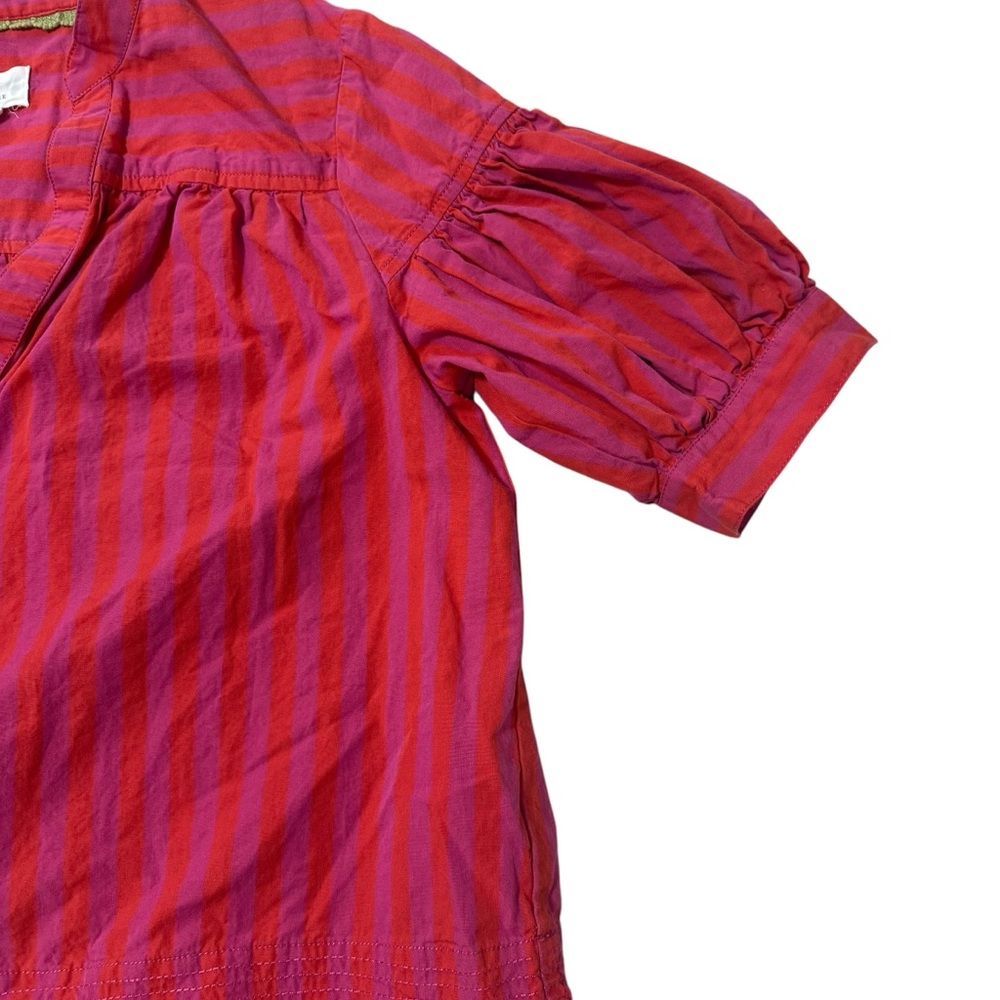 Anthropologie The Darcey Popover Swing Top Striped Blouse Puff Sleeve Women’s MP - Picture 7 of 10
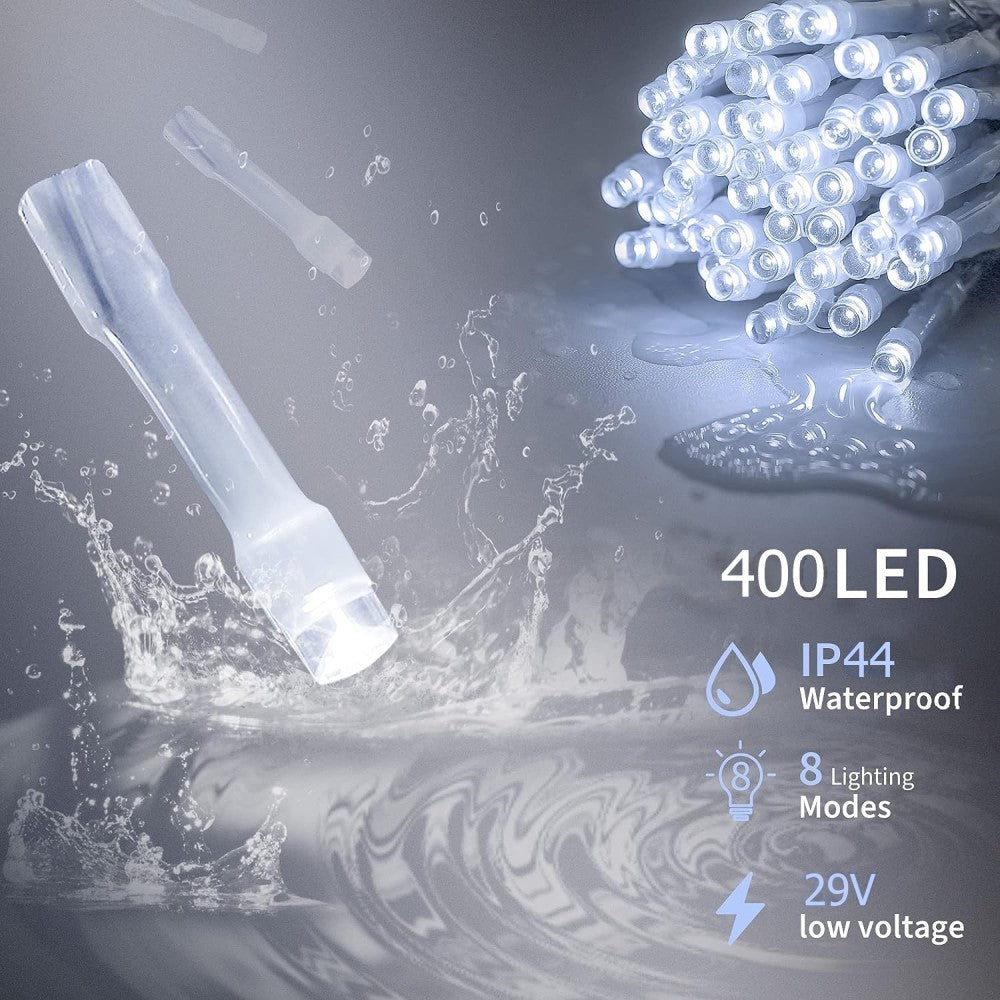 Aedavey 33ft 400 LED Outdoor String Lights White Fairy Lights Led Icicle Christmas Lights Plug-in for Christmas Party, Holiday, Wedding Decorations (Cool White)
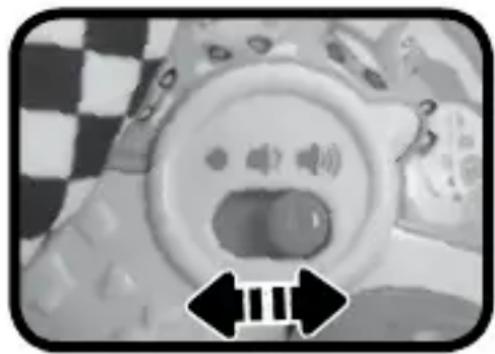VTECH Mon baby volant - CURSEUR MARCHE/ARRÊT/RÉGLAGE DU NIVEAU SONORE - 1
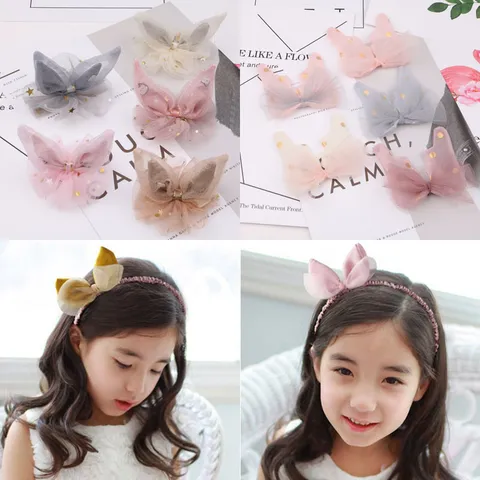 Handmade 3D Mesh Rabbit Ear Hair Clips For Kids DIY Hair Accessories With Gold Stars And Polka Dots Sweet Hairpin For Girls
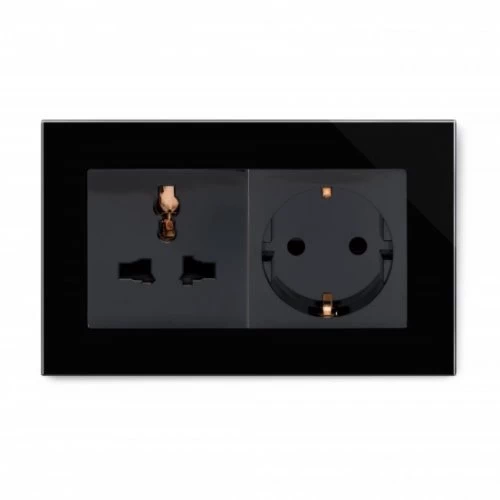 RetroTouch Crystal Black Glass Shuko Plug Socket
....................
### [WHAT YOU ARE ASKED TO DO]
Pictures aside, reproduce all of the data exactly.

### [SOLUTION FOR THIS TASK]
 Anthropologie The Darcey Popover Swing Top Striped Blouse Puff Sleeve Women’s MP - Picture 7 of 10
 Aedavey 33ft 400 LED Outdoor String Lights White Fairy Lights Led Icicle Christmas Lights Plug-in for Christmas Party, Holiday, Wedding Decorations (Cool White)
VTECH Mon baby volant - CURSEUR MARCHE/ARRÊT/RÉGLAGE DU NIVEAU SONORE - 1
 Handmade 3D Mesh Rabbit Ear Hair Clips For Kids DIY Hair Accessories With Gold Stars And Polka Dots Sweet Hairpin For Girls
 RetroTouch Crystal Black Glass Shuko Plug Socket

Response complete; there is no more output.